Ich habe noch einige Bemerkungen zu machen über die Handelskammern und Handwerkskammern. Es ist bis jetzt der Gesetzgebung nicht gelungen, den Begriff des Handwerksbetriebs einerseits und des Fabrikbetriebs andererseits in klarer Weise gegeneinander abzugrenzen. Daher kommt es, daß gewisse Betriebe — und zwar sind es häufig nicht gerade die kapitalkräftigsten — zu beiden Körperschaften herangezogen werden und einer doppelten Besteuerung unterliegen, die als hart empfunden wird und zweifellos auch ungerecht ist.
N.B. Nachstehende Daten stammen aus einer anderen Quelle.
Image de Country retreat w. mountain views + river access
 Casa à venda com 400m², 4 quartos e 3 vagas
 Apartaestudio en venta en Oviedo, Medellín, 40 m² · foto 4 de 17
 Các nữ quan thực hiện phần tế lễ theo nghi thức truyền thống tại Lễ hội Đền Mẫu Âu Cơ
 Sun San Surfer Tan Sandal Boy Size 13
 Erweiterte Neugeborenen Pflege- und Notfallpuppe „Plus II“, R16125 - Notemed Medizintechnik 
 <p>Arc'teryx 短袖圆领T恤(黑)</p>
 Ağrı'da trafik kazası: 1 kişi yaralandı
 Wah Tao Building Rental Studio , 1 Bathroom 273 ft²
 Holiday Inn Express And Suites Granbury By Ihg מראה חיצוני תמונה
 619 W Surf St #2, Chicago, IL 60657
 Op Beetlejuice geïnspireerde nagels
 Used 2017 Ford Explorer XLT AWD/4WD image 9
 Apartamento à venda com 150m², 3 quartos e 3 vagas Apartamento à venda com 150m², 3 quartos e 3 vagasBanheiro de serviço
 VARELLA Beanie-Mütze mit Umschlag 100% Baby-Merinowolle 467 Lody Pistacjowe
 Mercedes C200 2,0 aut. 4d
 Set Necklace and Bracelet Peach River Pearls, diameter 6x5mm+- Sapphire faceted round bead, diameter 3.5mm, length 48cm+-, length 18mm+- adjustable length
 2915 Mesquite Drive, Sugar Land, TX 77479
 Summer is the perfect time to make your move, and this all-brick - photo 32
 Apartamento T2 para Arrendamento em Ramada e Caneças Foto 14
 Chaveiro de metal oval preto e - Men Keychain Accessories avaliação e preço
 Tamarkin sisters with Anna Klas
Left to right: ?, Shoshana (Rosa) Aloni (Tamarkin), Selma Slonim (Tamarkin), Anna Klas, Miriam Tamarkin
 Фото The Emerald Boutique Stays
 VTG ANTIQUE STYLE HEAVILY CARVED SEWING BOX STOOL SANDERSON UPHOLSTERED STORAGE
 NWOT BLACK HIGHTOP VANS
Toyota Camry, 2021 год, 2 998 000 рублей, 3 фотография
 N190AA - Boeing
In manchen Bezirken werden die Beiträge zu den Handwerkskammern, die gesetzmäßig von den Gemeinden eingezogen und von diesen dann wieder auf die Beteiligten umgelegt werden, einfach von der Amtskörperschaft getragen, und dies wäre wohl der einfachste Weg. Aber dieses Verfahren ist eben nicht allgemein. Von den Handelskammern, die sich im Jahre 1911 mit dieser Frage beschäftigt haben, wurde vorgeschlagen, bei den betreffenden Betrieben einen handelsmäßigen und einen handwerksmäßigen Teil zu ermitteln und für jeden Teil das betreffende Steuerkapital festzusetzen. Es sind auch von den Handelskammern der Zentralstelle für Handel und Gewerbe diesbezügliche Anträge unterbreitet worden; ich erlaube mir nun die Anfrage an den Hrn. Staatsminister, ob eine Entscheidung der Behörden in Aussicht zu nehmen ist. Ich gebe zwar gerne zu, daß es sehr schwierig ist, gesetzlich festzulegen, wo der handwerksmäßige Betrieb aufhört und wo der Fabrikbetrieb anfängt. — Dann möchte ich noch einige allgemeine Bemerkungen über die Lage der Industrie machen. Darüber ist ja schon in den letzten Etatsberatungen ausführlich gesprochen worden und eine wesentliche Veränderung hat sich seitdem nicht gezeigt. Der Mangel an Kohlen und Eisen, sowie an Wasserstraßen, zum billigen Transport zwingt unsere Industrie zu einer erstklassigen Qualität; dazu bedarf es neben einem tüchtigen Unternehmertum eben gut geschulter technischer und kaufmännischer Beamten und eines Stammes intelligenter Arbeiter. Ich bin nun aber der Ansicht, daß unsere Arbeiterschaft ein ganz bedeutendes Interesse an dem Blühen und Gedeihen der Industrie hat, und unsere Industrie kann sich nur dann kräftig weiterentwickeln.